AMD's APM explicitly allows changing the x2APIC ID by writing the xAPIC ID and then
switching to x2APIC mode.

> When old API is used, APIC IDs are encoded in xapic format, even when vCPU is in x2apic
> mode, meaning that apic id can't be more  that 255 even in x2apic mode.

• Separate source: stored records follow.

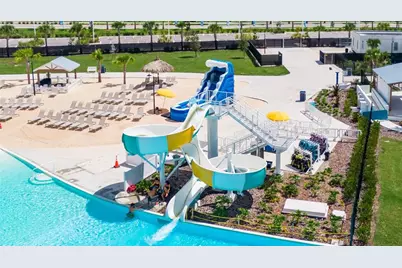 16927 April Plush Drive, Wimauma, FL 33598 - Photo 91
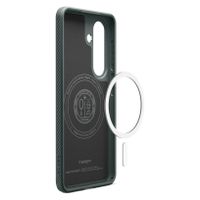 8800283318388_bovenaanzicht_x_1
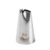Bicos Para Confeitar – Babado – Aço Inox – Nº86  – 1 unidade – Cromus Allonsy – Rizzo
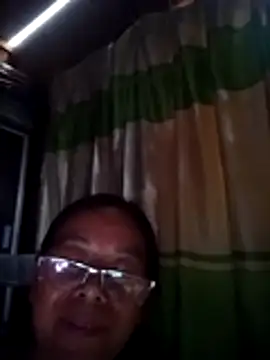 Ari-Na9 webcam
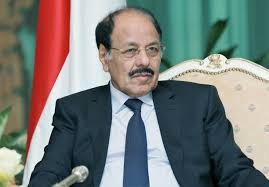 نائب الرئيس: تأكيد خادم الحرمين الشريفين وقوف المملكة إلى جانب اليمن هو موقف أخوي صادق 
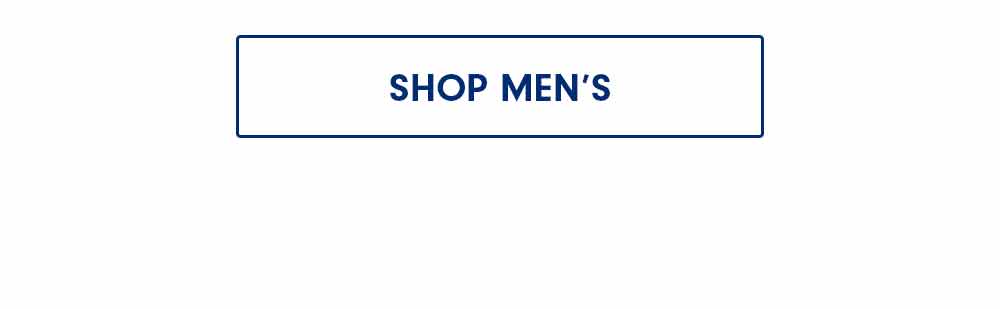 Shop Men's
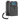 Telefonía IP Fanvil X303W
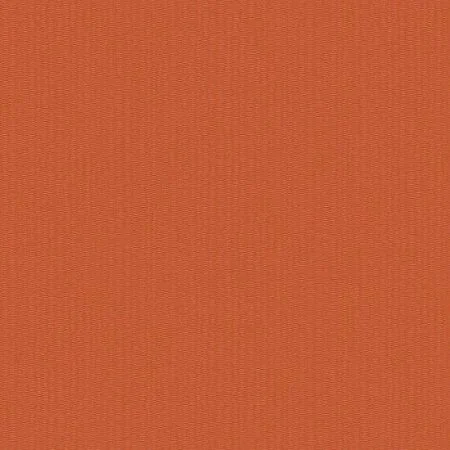 Обои Loymina Liberty LIB9, 004 в Нижнем Тагиле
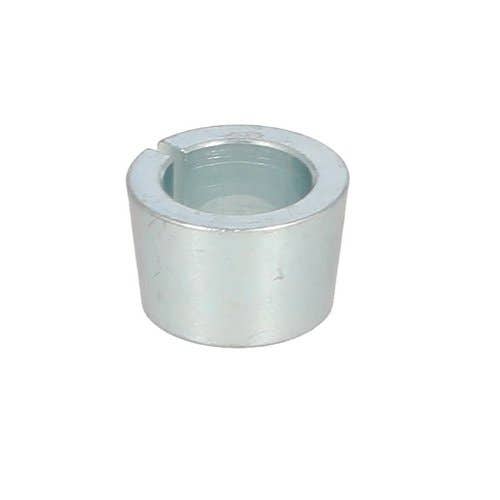 160583 | Taper Collar - Alternator Pulley | Case W11 W18 W18B W20 W24C W30 W36 350 450 455C 480 480C 480D 480LL 580B 580C 580D 680H 680K 760 780B 780C 870 1070 1090 1175 1270 1370 1450 1570 1835 1835B |  | A72047 | A49733 | 1976138 | R51533 | 1987801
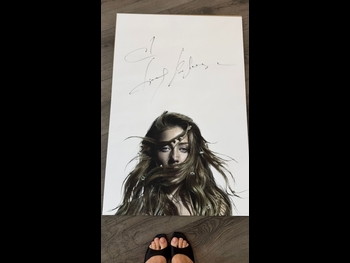  alt="Tina Karol"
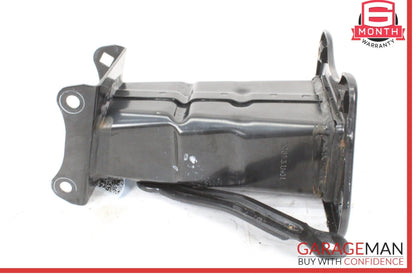 2006-2012 Mercedes-Benz ML500 W164 Front Left Bumper Reinforcement Bracket OEM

Even on Intel CPUs, if userspace creates a vCPU with vcpu_id = 256, then the xAPIC ID
will be (256 << 24) == 0.  If userspace does get+set, then KVM will see 0 != 256 and
reject the set with return -EINVAL.

And as above, userspace that hasn't opted into the x2apic_format could also legitimately
change the x2APIC ID.

I 100% agree this is a mess and probably can't work without major shenanigans, but on
the other hand this isn't harming anything, so why risk breaking userspace, even if the
risk is infinitesimally small?

I'm all for locking down the APIC ID with a userspace opt-in control, I just don't
think it's worth trying to retroactively plug the various holes in KVM.
Maxim Levitsky March 1, 2022, 5:56 p.m. UTC | #4
On Tue, 2022-03-01 at 17:46 +0000, Sean Christopherson wrote:
> On Tue, Mar 01, 2022, Maxim Levitsky wrote:
> > > > diff --git a/arch/x86/kvm/lapic.c b/arch/x86/kvm/lapic.c
> > > > index 80a2020c4db40..8d35f56c64020 100644
> > > > --- a/arch/x86/kvm/lapic.c
> > > > +++ b/arch/x86/kvm/lapic.c
> > > > @@ -2618,15 +2618,14 @@ static int kvm_apic_state_fixup(struct kvm_vcpu *vcpu,
> > > >  		u32 *ldr = (u32 *)(s->regs + APIC_LDR);
> > > >  		u64 icr;
> > > >  
> > > > -		if (vcpu->kvm->arch.x2apic_format) {
> > > > -			if (*id != vcpu->vcpu_id)
> > > > -				return -EINVAL;
> > > > -		} else {
> > > > -			if (set)
> > > > -				*id >>= 24;
> > > > -			else
> > > > -				*id <<= 24;
> > > > -		}
> > > > +		if (!vcpu->kvm->arch.x2apic_format && set)
> > > > +			*id >>= 24;
> > > > +
> > > > +		if (*id != vcpu->vcpu_id)
> > > > +			return -EINVAL;
> > > 
> > > This breaks backwards compability, userspace will start failing where it previously
> > > succeeded.  It doesn't even require a malicious userspace, e.g. if userspace creates
> > > a vCPU with a vcpu_id > 255 vCPUs, the shift will truncate and cause failure.  It'll
> > > obviously do weird things, but this code is 5.5 years old, I don't think it's worth
> > > trying to close a loophole that doesn't harm KVM.
> > > 
> > > If we provide a way for userspace to opt into disallowiong APICID != vcpu_id, we
> > > can address this further upstream, e.g. reject vcpu_id > 255 without x2apic_format.
> > 
> > This check is only when CPU is in x2apic mode. In this mode the X86 specs demands that
> > apic_id == vcpu_id.
> 
> AMD's APM explicitly allows changing the x2APIC ID by writing the xAPIC ID and then
> switching to x2APIC mode.
This patch was supposed to go together with patch that fully forbids changing apic id.

> 
> > When old API is used, APIC IDs are encoded in xapic format, even when vCPU is in x2apic
> > mode, meaning that apic id can't be more  that 255 even in x2apic mode.
> 
> Even on Intel CPUs, if userspace creates a vCPU with vcpu_id = 256, then the xAPIC ID
> will be (256 << 24) == 0.  If userspace does get+set, then KVM will see 0 != 256 and
> reject the set with return -EINVAL.

First of all, I am saying again - with old API (!x2apic_format) - the APIC ID was limited
to 8 bits - literaly only bits 24-31 of the value was used.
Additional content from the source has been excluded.